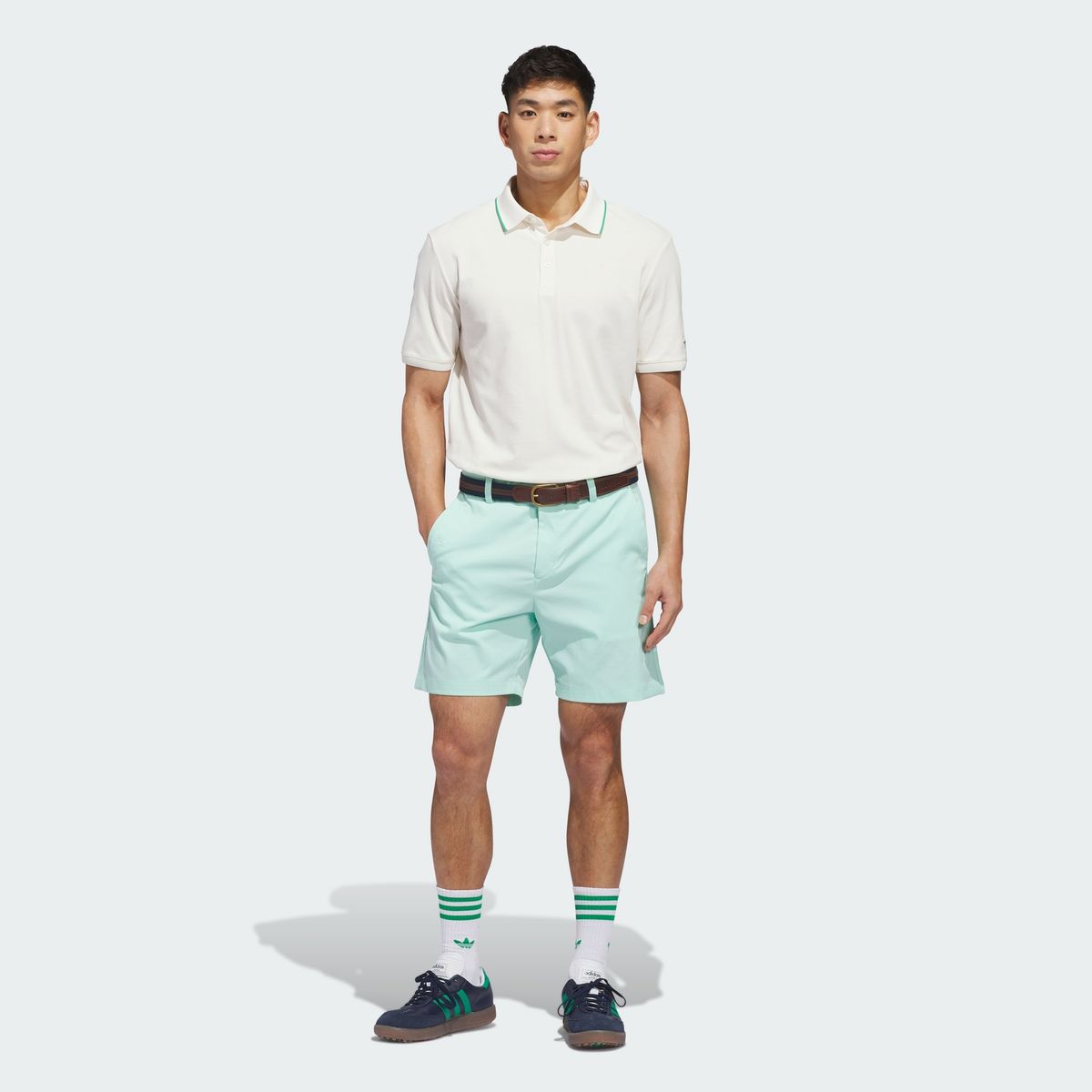 아디다스 골프(ADIDAS GOLF) 오리지널스 트위스트위브 쇼츠 JY5265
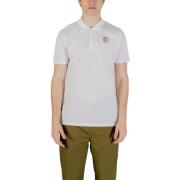 Polo Shirt Lange Mouw Aquascutum ACTIVE CIRCLE PATCH POLO AA_B004_PO00...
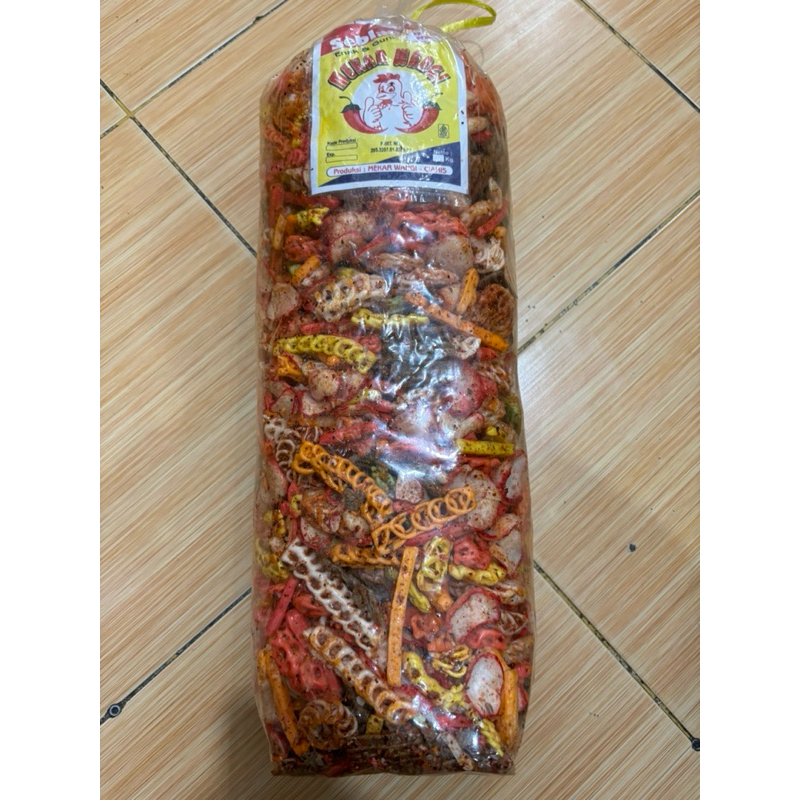 

Kripikku | Kerupuk Beton campur 2Kg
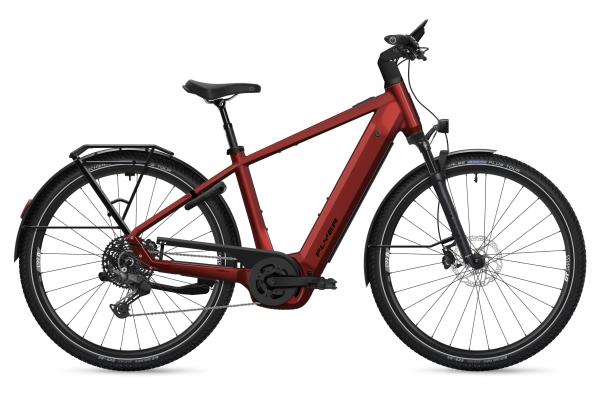 FLYER G2 Gotour 7.10 (NL-Schloss) Jaspis Red Gloss XL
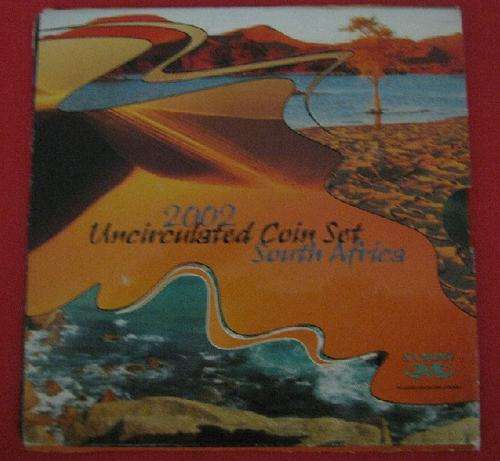 *** 2002 - SA UNCIRCULATED SET - AS ISSUED FROM SA MINT ***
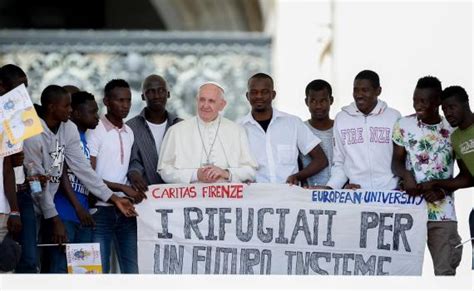 Pope decries indifference toward migrants, as he visits multicultural port of Marseille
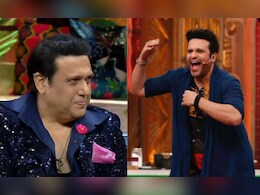 Govinda Reunites With Krushna Abhishek "<i>Do Saal Baad</i>" On Kapil Sharma's Show, Calls His Nephew "<i>Gadha</i>" Govinda Reunites With Krushna Abhishek "<i>Do Saal Baad</i>" On Kapil Sharma's Show, Calls His Nephew "<i>Gadha</i>"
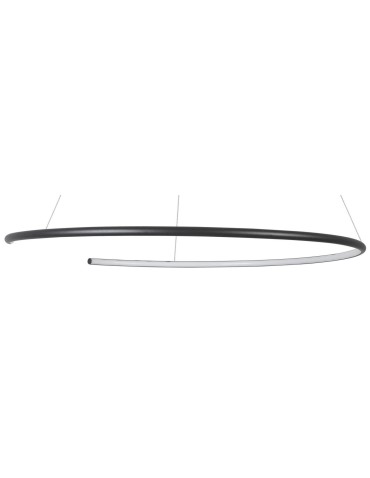 Luces Exclusivas BEJAR Wisząca LED 30W 1480lm 3000K czarny mat LE41592 - product 2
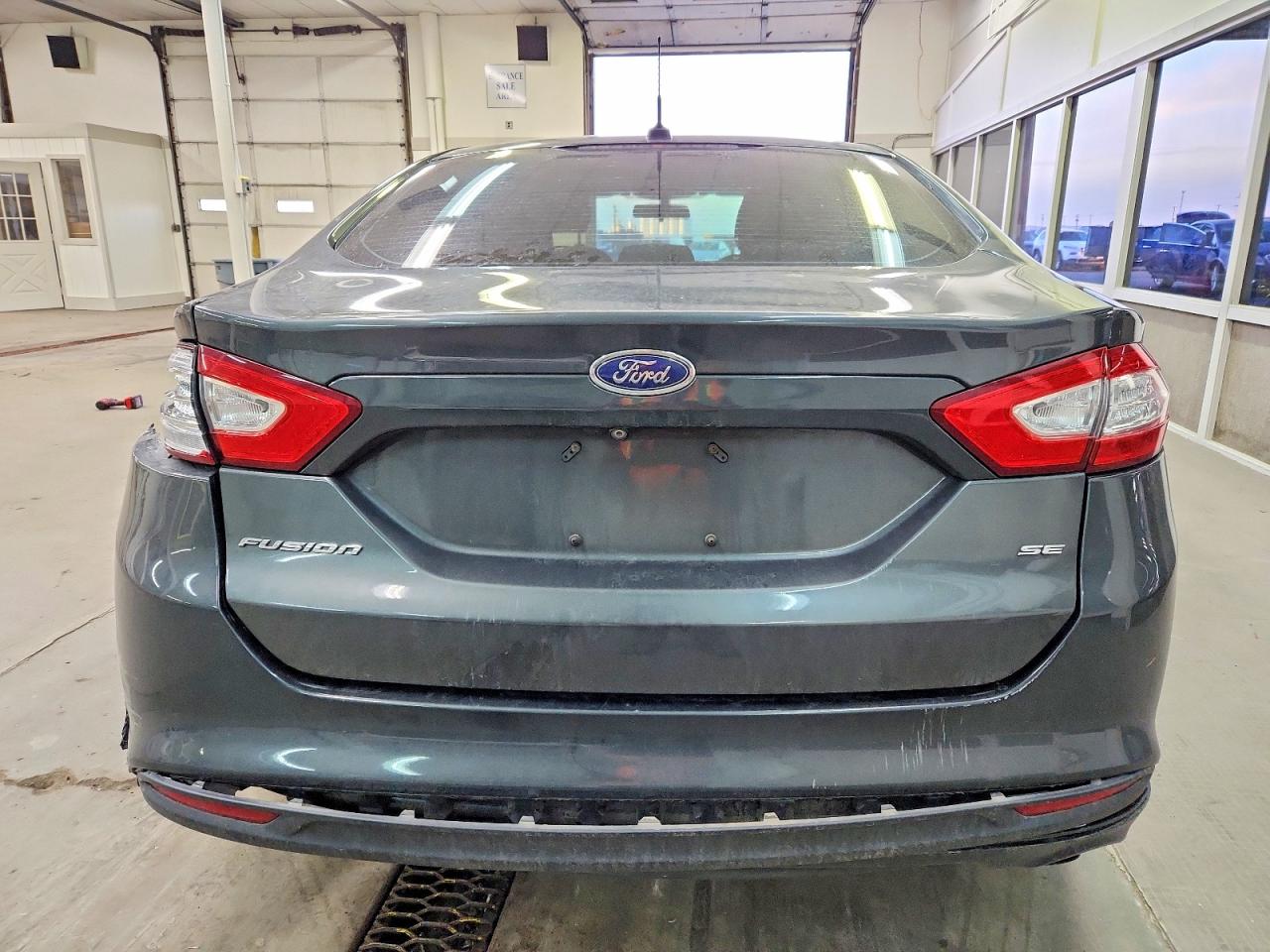 2015 FORD FUSION SE photo 6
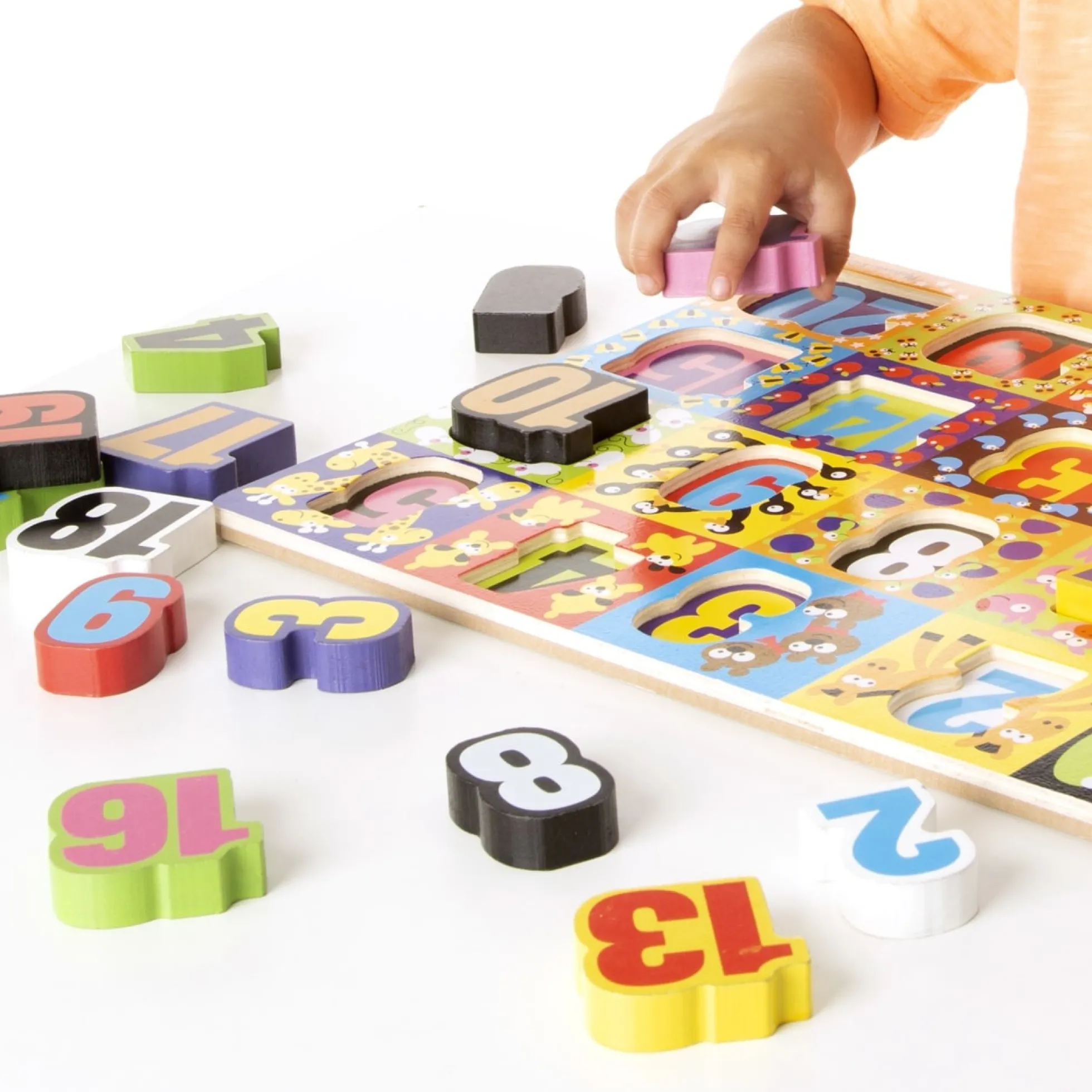 Jumbo Numbers Chunky Puzzle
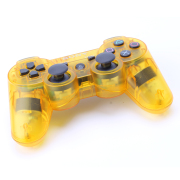 Dual Shock DualShock 3 Wireless Bluetooth Controller for PS3 Transparent Yellow 05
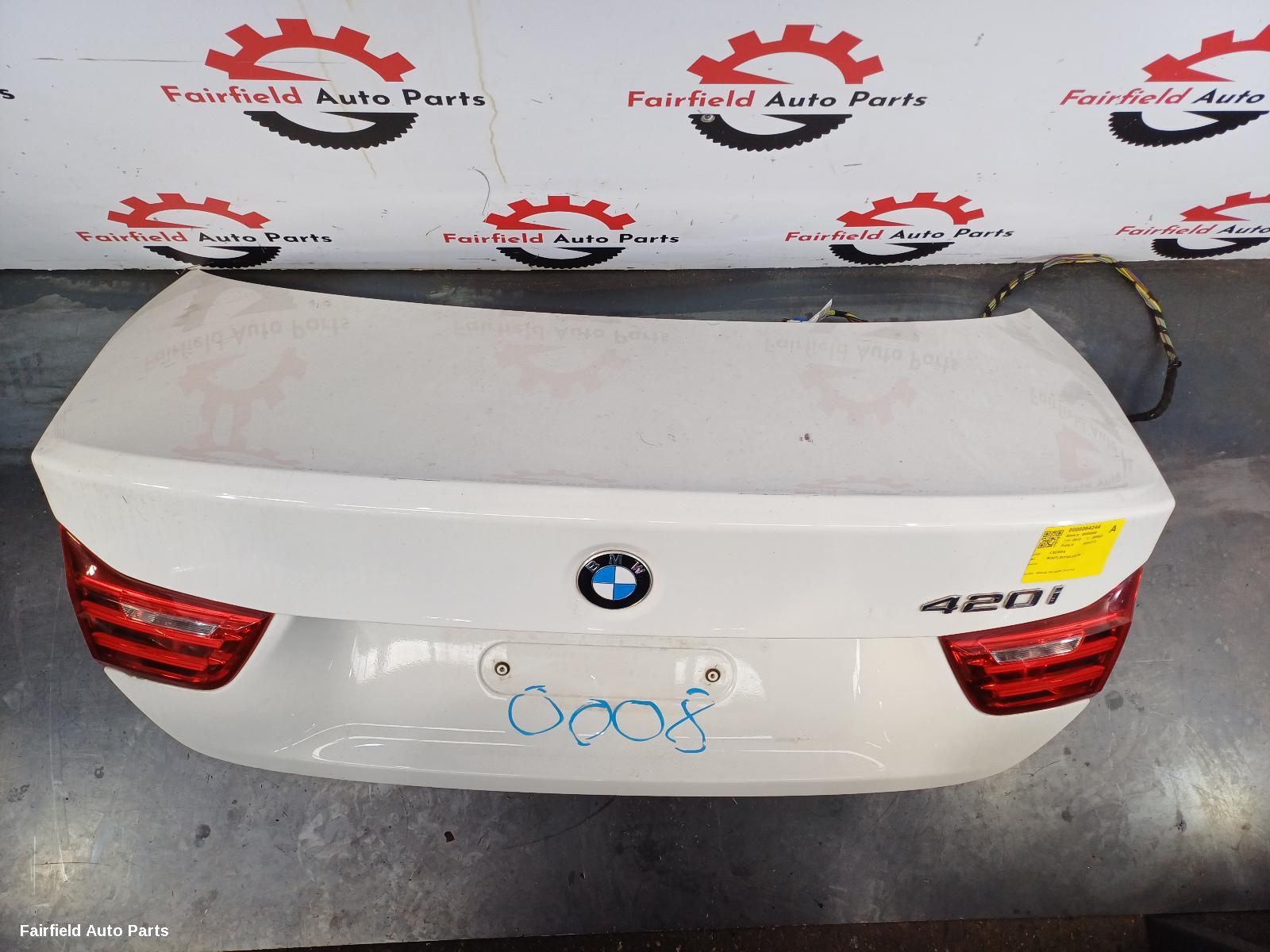 2013-2020 Bmw 4 Series Bootlid Tailgate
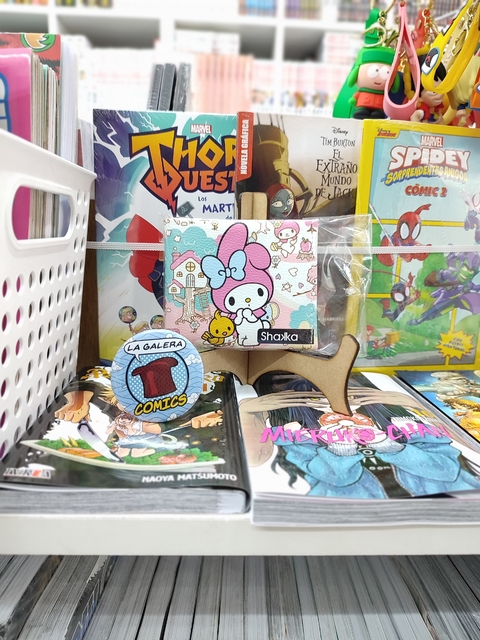 BILLETERA MY MELODY (MODELO A) - SANRIO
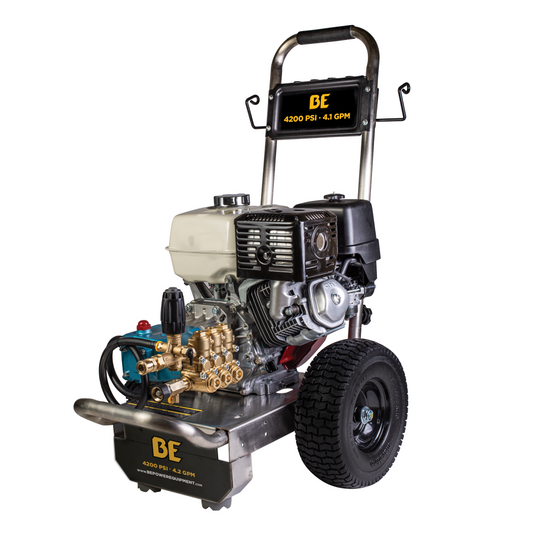4,200 PSI 4.2 GPM Cold Water Gas Pressure Washer - B4213HSJS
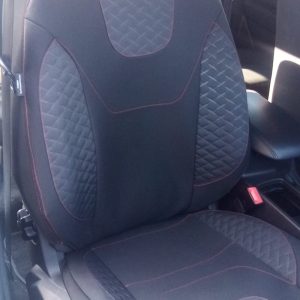 Ford Focus III. Üléshuzat fekete steppelt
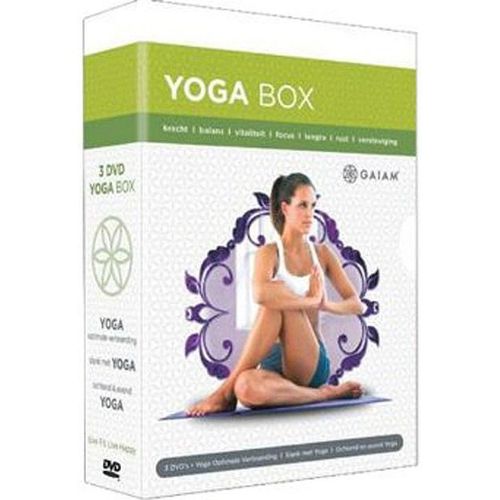 Gaiam : Yoga Box - Pack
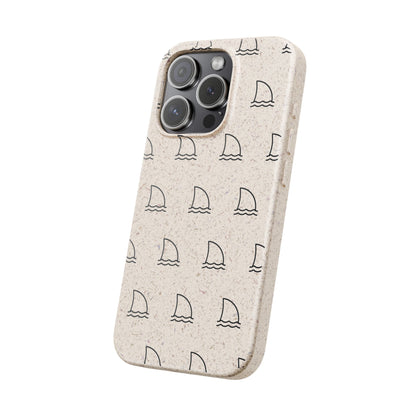 Biodegradable Phone Case - Sharktech Design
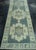 Black Turkish Oushak Rug 2'8" x 8'2" #19005 For Sale - Image 8 of 8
···
Work to be completed:
Among the lines above, the one with "2015 FORD FUSION SE photo 6" opens the part to repeat and the one with "BILLETERA MY MELODY (MODELO A) - SANRIO" closes it; repeat only that part exactly, with no pictures.

Solution for this problem:
 2015 FORD FUSION SE photo 6
 Jumbo Numbers Chunky Puzzle
 Dual Shock DualShock 3 Wireless Bluetooth Controller for PS3 Transparent Yellow 05
 2013-2020 Bmw 4 Series Bootlid Tailgate
 BILLETERA MY MELODY (MODELO A) - SANRIO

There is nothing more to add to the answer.